■ Records supplied ■
▬▬▬▬▬▬▬▬▬▬
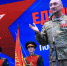 Концерт к годовщине вывода советских войск из Афганистана прошел в АлтГУ - АлтГУ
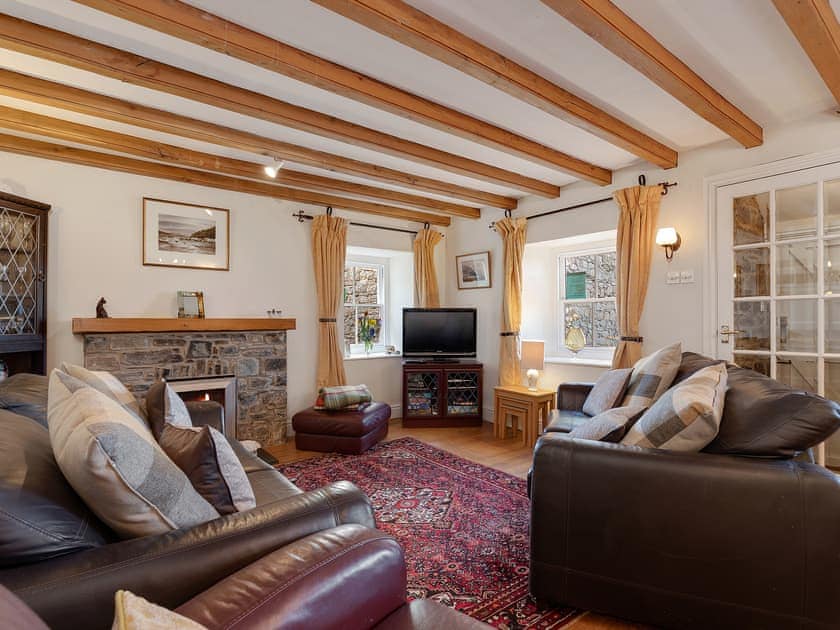 Mary Cottage, St Davids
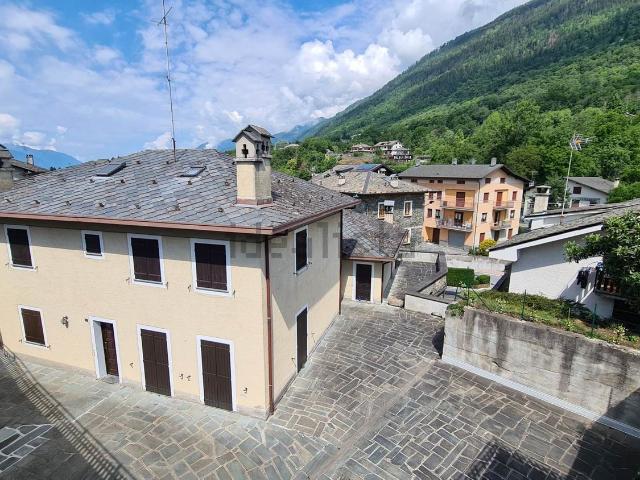 Appartamento in vendita di 52 m² in Via Pozzi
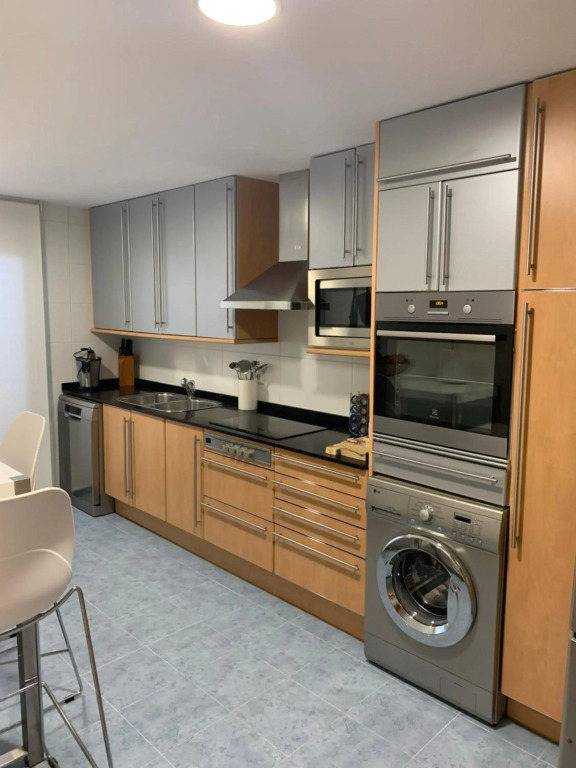 Art and Sciences view luxury apartment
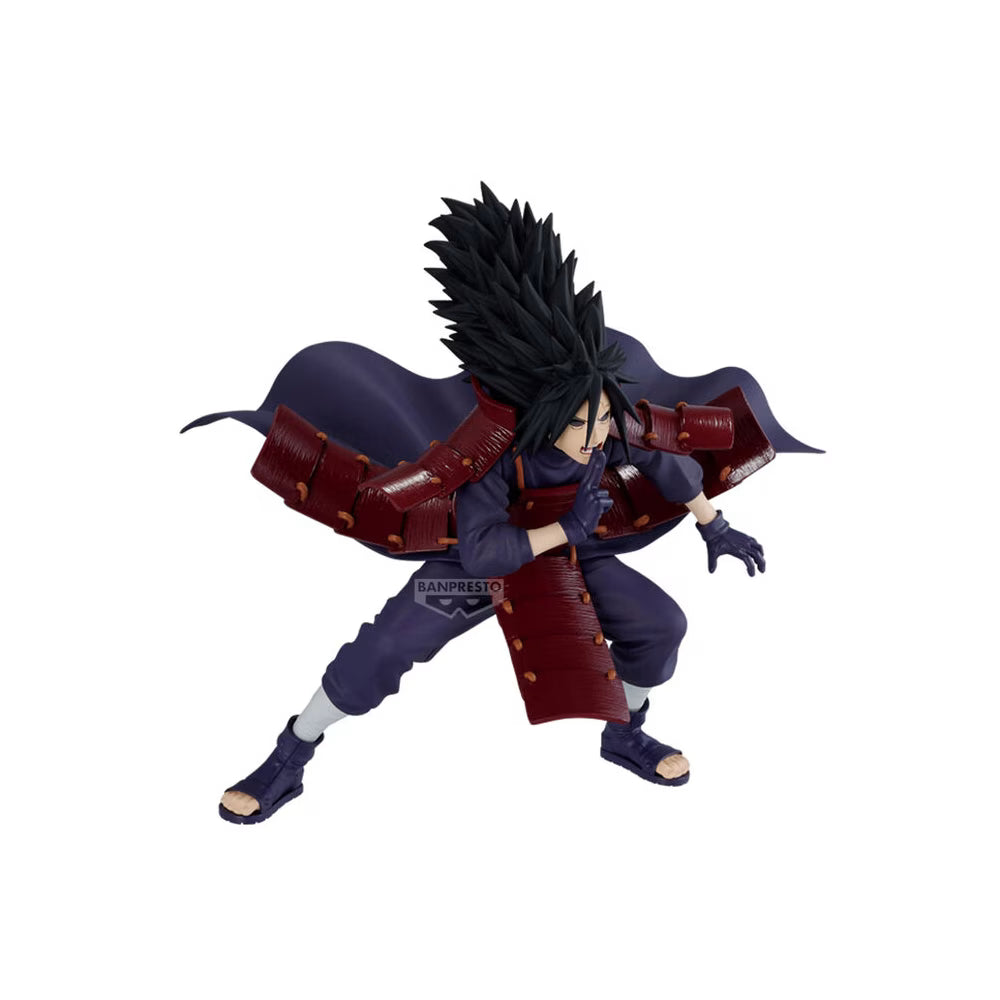 Figurine Uchiha Madara Vibration Stars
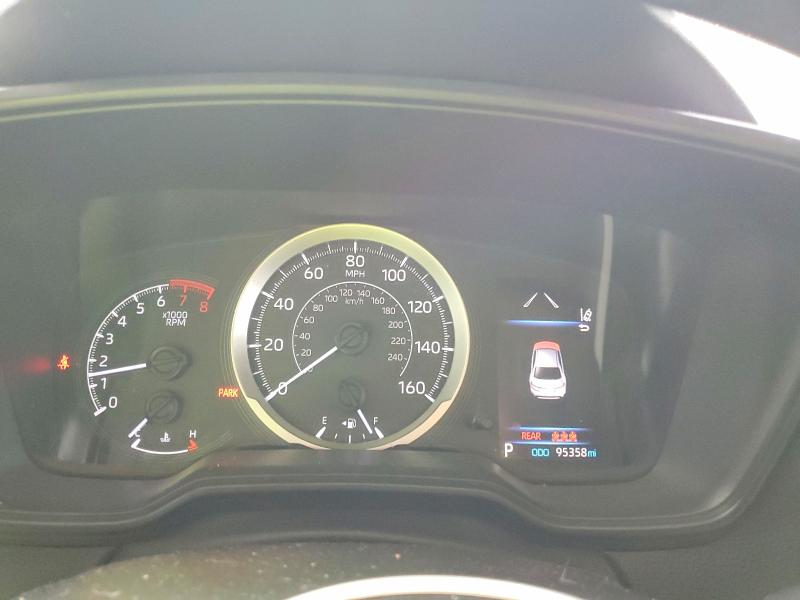 Продажа на аукционе авто 2020 Toyota Corolla, vin: JTDEPRAEXLJ078221, номер лота: 70239546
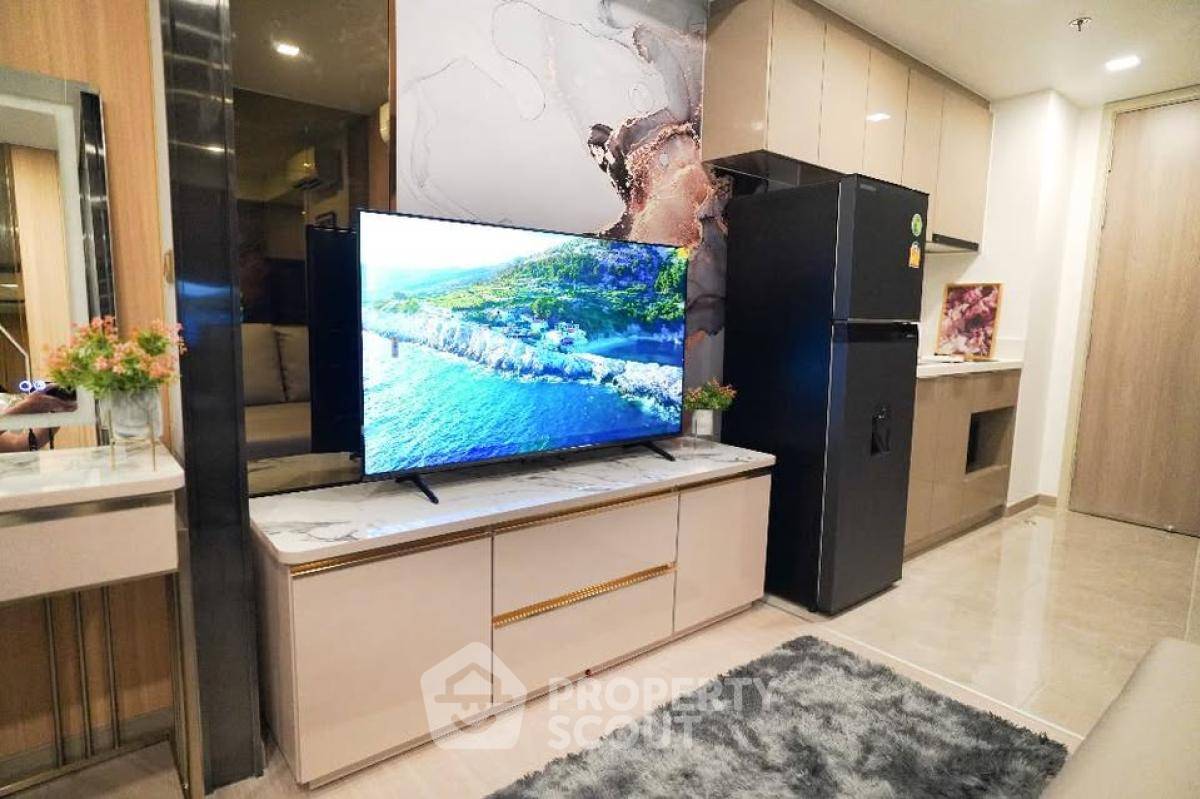 picture 1-BR Condo at One 9 Five Asoke - Rama 9 near MRT Phra Ram 9 (ID 2420982) - 1/5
▬▬▬▬▬▬▬▬▬▬
■ Required action ■
Would you reproduce the lines above exactly, without carrying over the pictures?

■ Completed task ■
 Концерт к годовщине вывода советских войск из Афганистана прошел в АлтГУ - АлтГУ
 Mary Cottage, St Davids
 Appartamento in vendita di 52 m² in Via Pozzi
 Art and Sciences view luxury apartment
 Figurine Uchiha Madara Vibration Stars
 Продажа на аукционе авто 2020 Toyota Corolla, vin: JTDEPRAEXLJ078221, номер лота: 70239546
 picture 1-BR Condo at One 9 Five Asoke - Rama 9 near MRT Phra Ram 9 (ID 2420982) - 1/5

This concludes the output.